Start of EXTRACTED MATERIAL

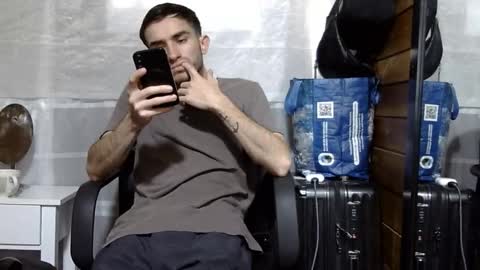 Aron G Franco online show from November 10, 3:55 pm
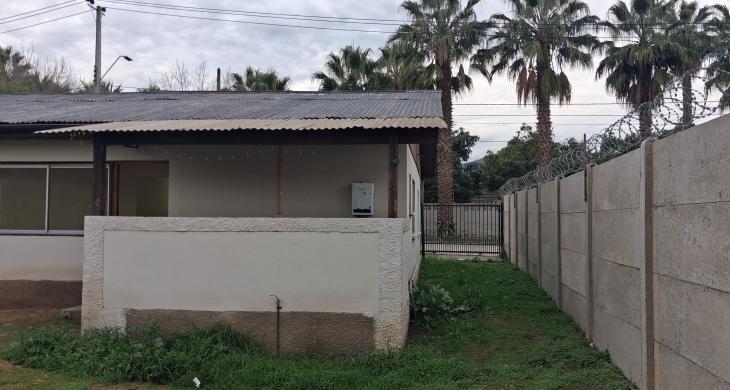 vista desde el patio de atrás. Lavadero y estacionamiento
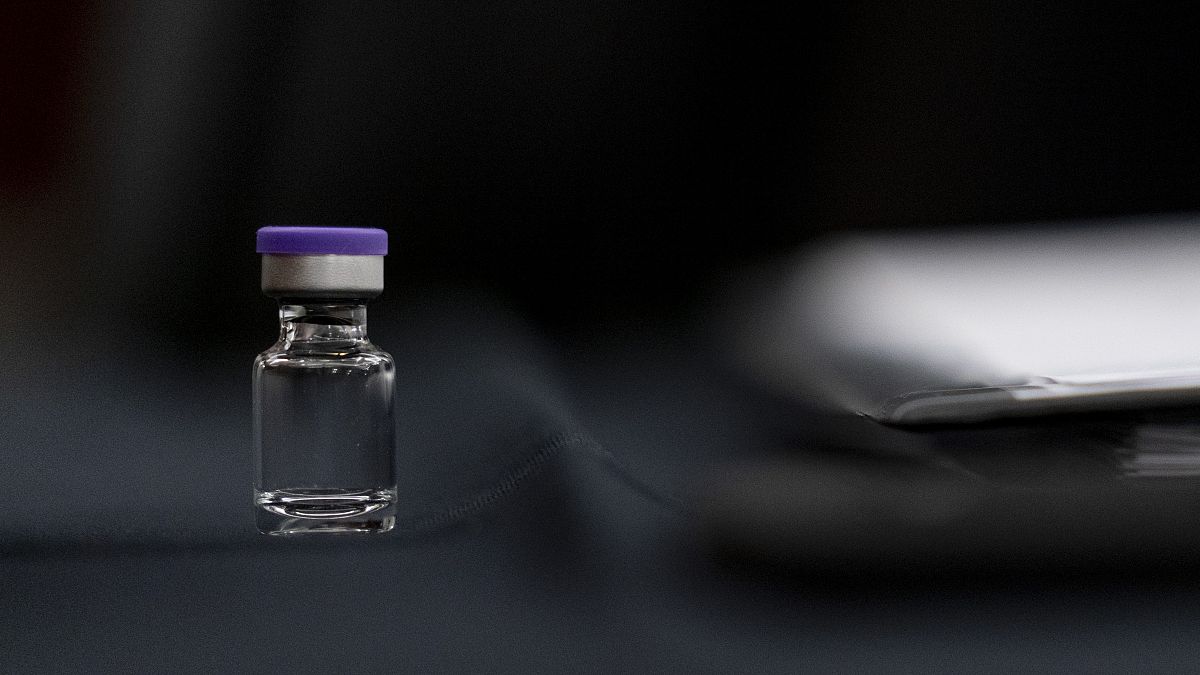 Zuversicht und Vorsicht: Wie schnell soll das Impfen beginnen? 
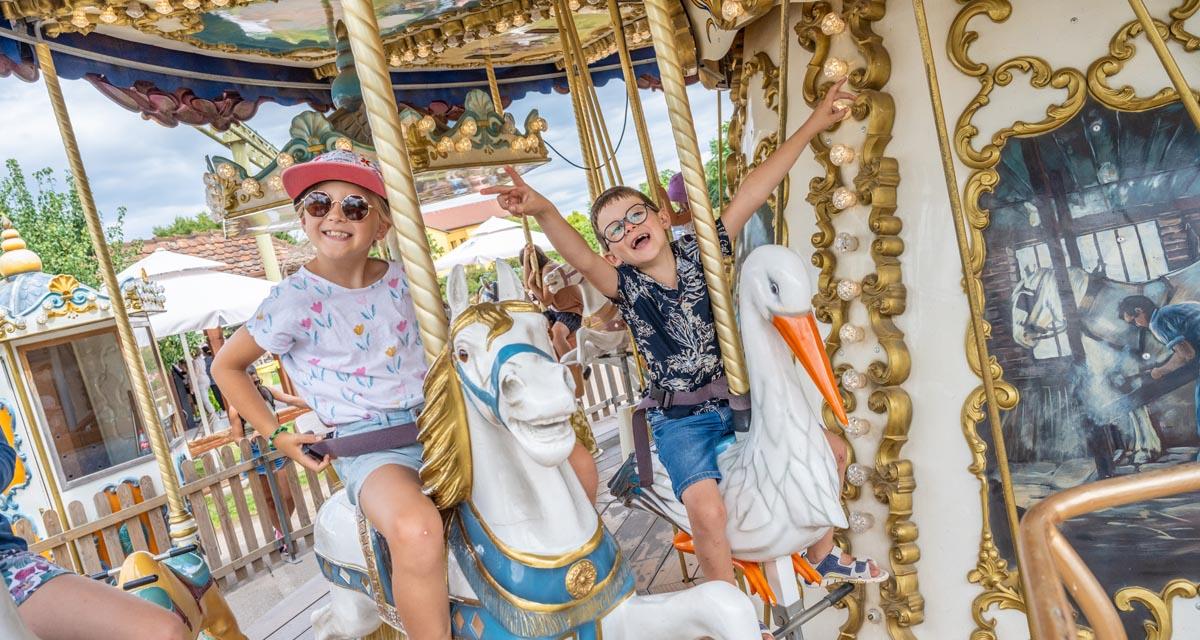 Le carrousel 1900 Le carrousel 1900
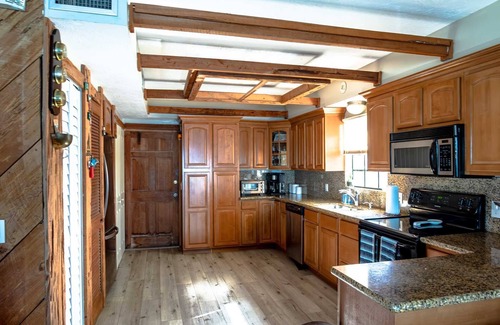 Cutthroat Harbor Estates House | Sunset Views, oceanfront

End of EXTRACTED MATERIAL

WHAT YOU SHOULD DO: An exact reproduction of the lines from the line containing "vista desde el" through the end of the listing above is needed; pictures stay out.

WRITTEN ANSWER:
 vista desde el patio de atrás. Lavadero y estacionamiento
 Zuversicht und Vorsicht: Wie schnell soll das Impfen beginnen? 
 Le carrousel 1900 Le carrousel 1900
 Cutthroat Harbor Estates House | Sunset Views, oceanfront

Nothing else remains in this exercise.